> **PROBLEM DETAILS**: Transcribe each record exactly. Omit the pictures.

-- Opening Marker --

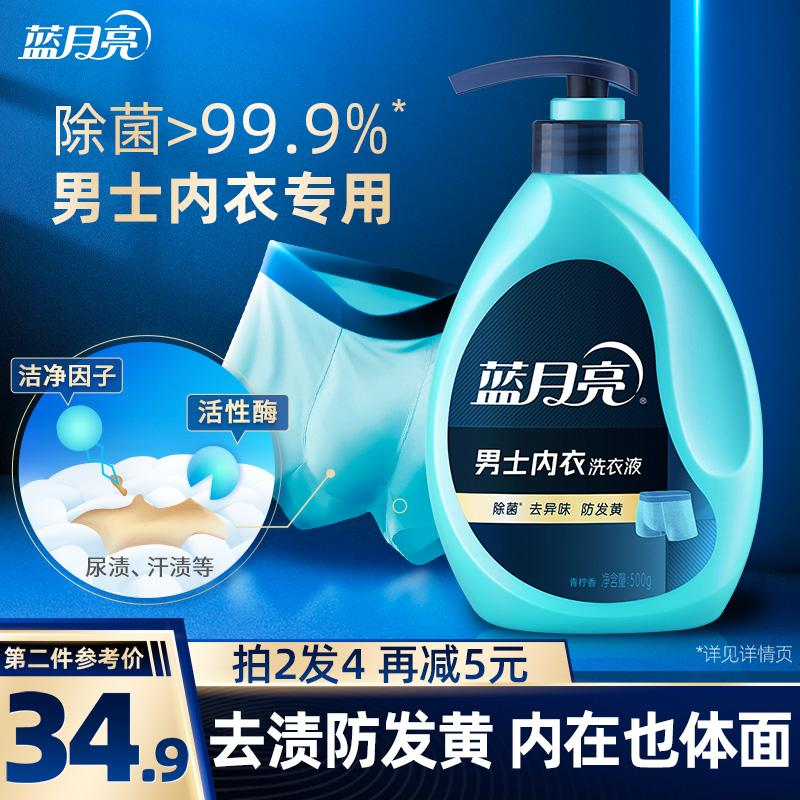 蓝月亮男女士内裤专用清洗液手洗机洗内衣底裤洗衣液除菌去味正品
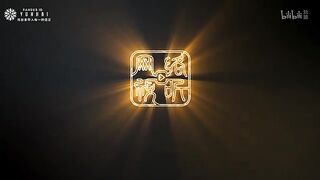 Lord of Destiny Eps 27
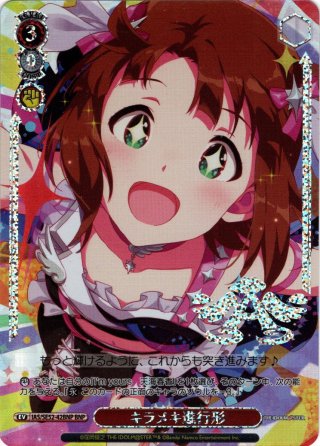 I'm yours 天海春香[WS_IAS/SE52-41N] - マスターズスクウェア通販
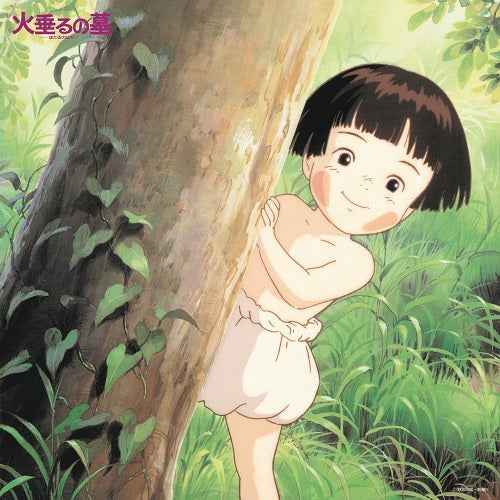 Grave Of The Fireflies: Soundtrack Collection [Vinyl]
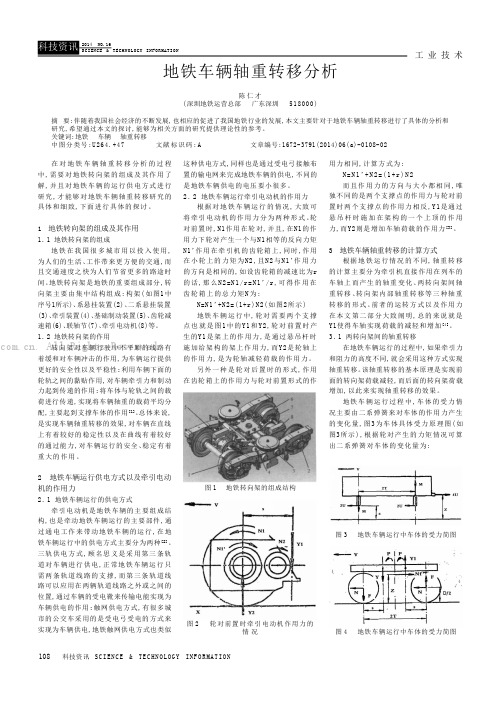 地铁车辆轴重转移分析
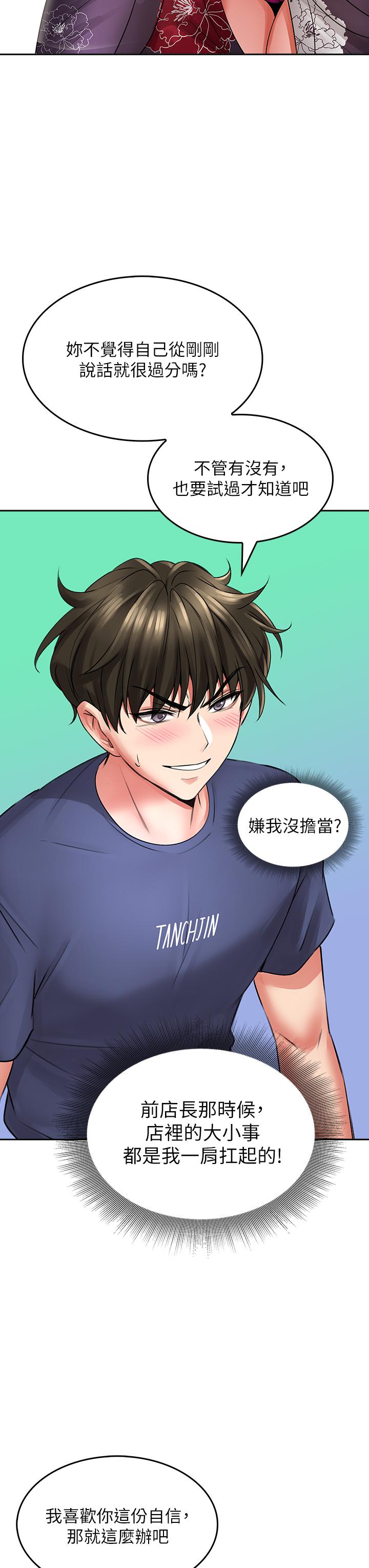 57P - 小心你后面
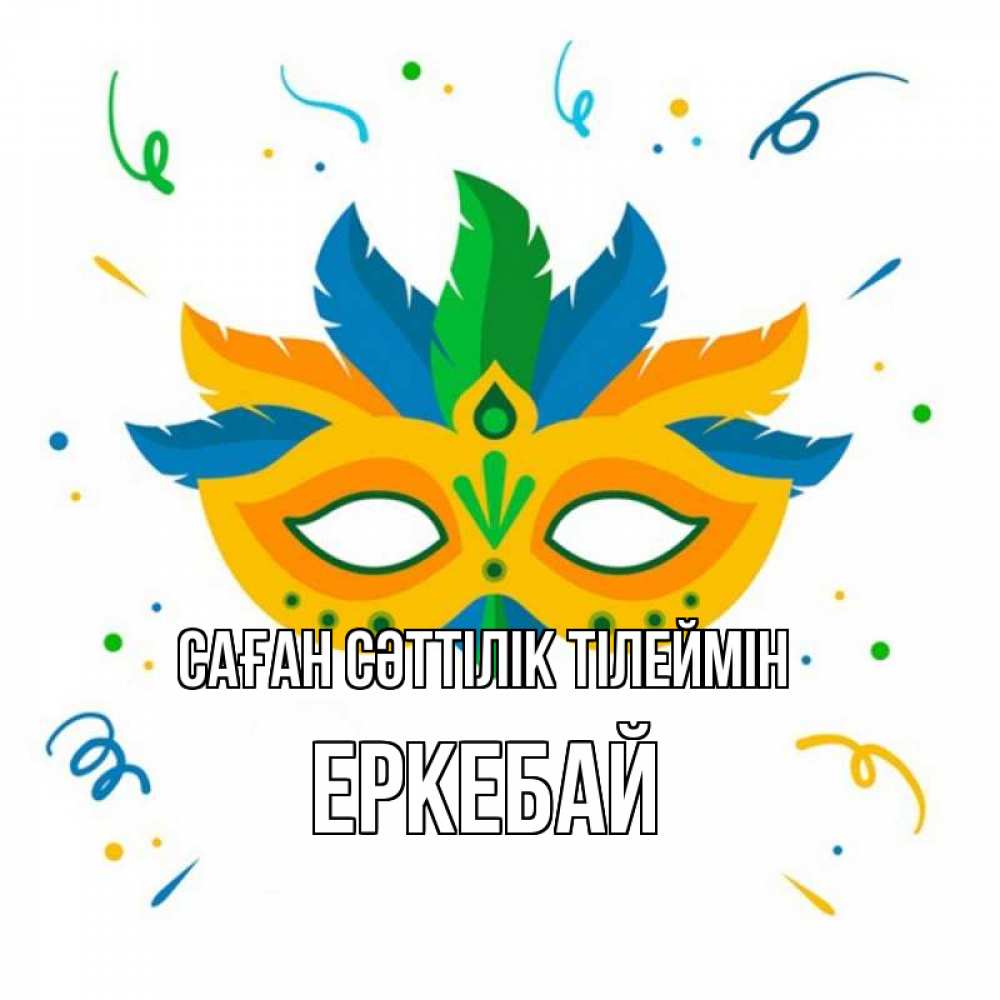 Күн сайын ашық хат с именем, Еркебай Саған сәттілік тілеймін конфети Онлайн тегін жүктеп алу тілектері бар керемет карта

-- Closing Marker --

> **ANSWER FOR THE TASK**:
 蓝月亮男女士内裤专用清洗液手洗机洗内衣底裤洗衣液除菌去味正品
 Lord of Destiny Eps 27
 I'm yours 天海春香[WS_IAS/SE52-41N] - マスターズスクウェア通販
 Grave Of The Fireflies: Soundtrack Collection [Vinyl]
 地铁车辆轴重转移分析
 57P - 小心你后面
 Күн сайын ашық хат с именем, Еркебай Саған сәттілік тілеймін конфети Онлайн тегін жүктеп алу тілектері бар керемет карта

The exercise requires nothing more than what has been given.